Concussions in football are not uncommon, but have recently come into the public eye as a major problem. Recently the NFL has made a $765 million settlement to the over 4,500 players who claim to have dementia, depression and even alzheimer’s due to head injuries sustained while playing football. These players say that both the NFL and helmet companies did not properly warn them about the dangers of permanent brain injury.

Players that get concussions risk permanent brain injuries later in life, although they may not show symptoms at first. These head injuries start on the middle school level if not earlier. Now there’s more focus on concussions at the high school level.

“The attention now being received on concussions has been a blessing at this level.” Ortmeier said.

Two new rules recently enacted this year have been created to help prevent injuries, specifically concussions. One states that if a player’s helmet comes off in the play, the player must sit out for at least one play to be evaluated. The second has caused a bit of controversy in the football community. The new “targeting” penalty will result in a 15 yard penalty, as well as the ejection of the player who was penalized. Targeting is defined as a player intentionally contacting another defenseless player above the shoulders.

This rule has had mixed reactions amongst the sports world. Some say that it takes away from the true nature of football while others agree it is a helpful precaution.

“Any rule that talks about leading with the head or trying to eliminate the head from the first point of contact is a good rule,” head trainer, David “Doc” Ortmeier said.

At the school, concussions are common during the football season. According to Ortmeier, there is one concussion for every two weeks during the regular season. That adds up to at least 10 concussions every season. However, all other sports combined, such as soccer or ultimate frisbee, average 15 concussions a year.

While football causes an array of different injuries, concussions are given a higher priority by all the trainers of the school because they are brain injuries and run the risk of permanent damage. One of the difficulties about this type of injury is that most players recover fairly quickly and after one concussion, they may appear fine. However, if more concussions are received, players run the risk of permanent brain damage.

If the brain is not given enough time to heal, then the player can easily receive another concussion. Concussion victims will not get enough time to heal, so the next time they hit their head a second concussion is more likely.

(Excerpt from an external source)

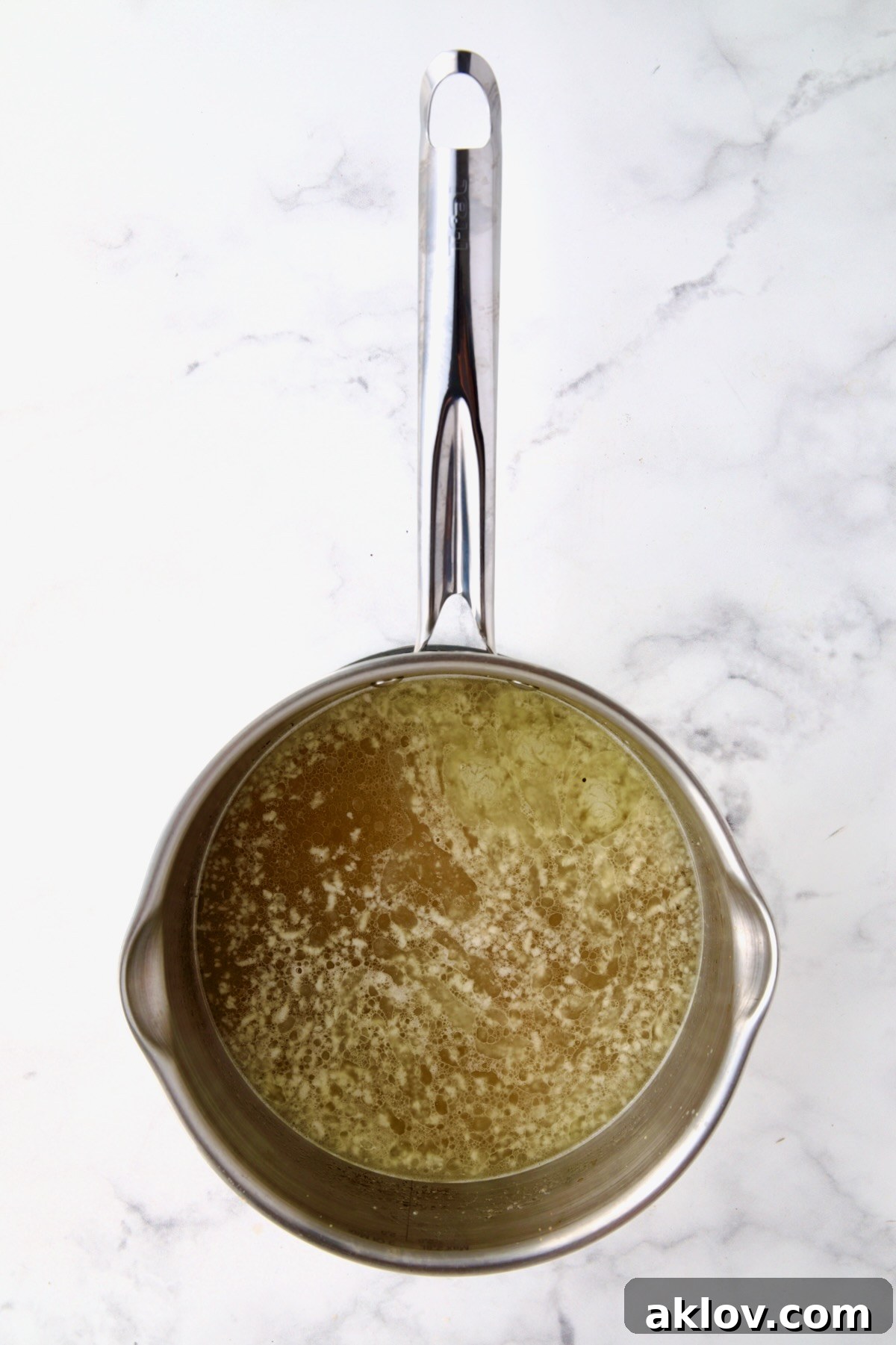 Boiling chicken broth and butter in stainless steel saucepan.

“We need to be patient with athletes,” Ortmeier said. “We need to reiterate that concussions take time to heal.”

Cason’s concussion would be classed as moderate since his symptoms lasted for more than 15 minutes but he did not lose consciousness. Concussions are ranked as either mild, moderate or severe. A minor concussion having symptoms lasting only 15 minutes, while a severe concussion will cause a full loss of consciousness and symptoms lasting for more than an hour.

“The day before was Halloween I think, and I didn’t remember that.” Cason said. “It didn’t take long to recover, it was just a mild concussion.”

These rules have been put into place due to the backlash of former football players claiming injuries from the game, and now the high school is attempting to keep its players safer by implementing the same rules.

“We’re taking our time and letting athletes recover,” Ortmeier said. “There’s more of a long term concern now and it’s being recognized now.”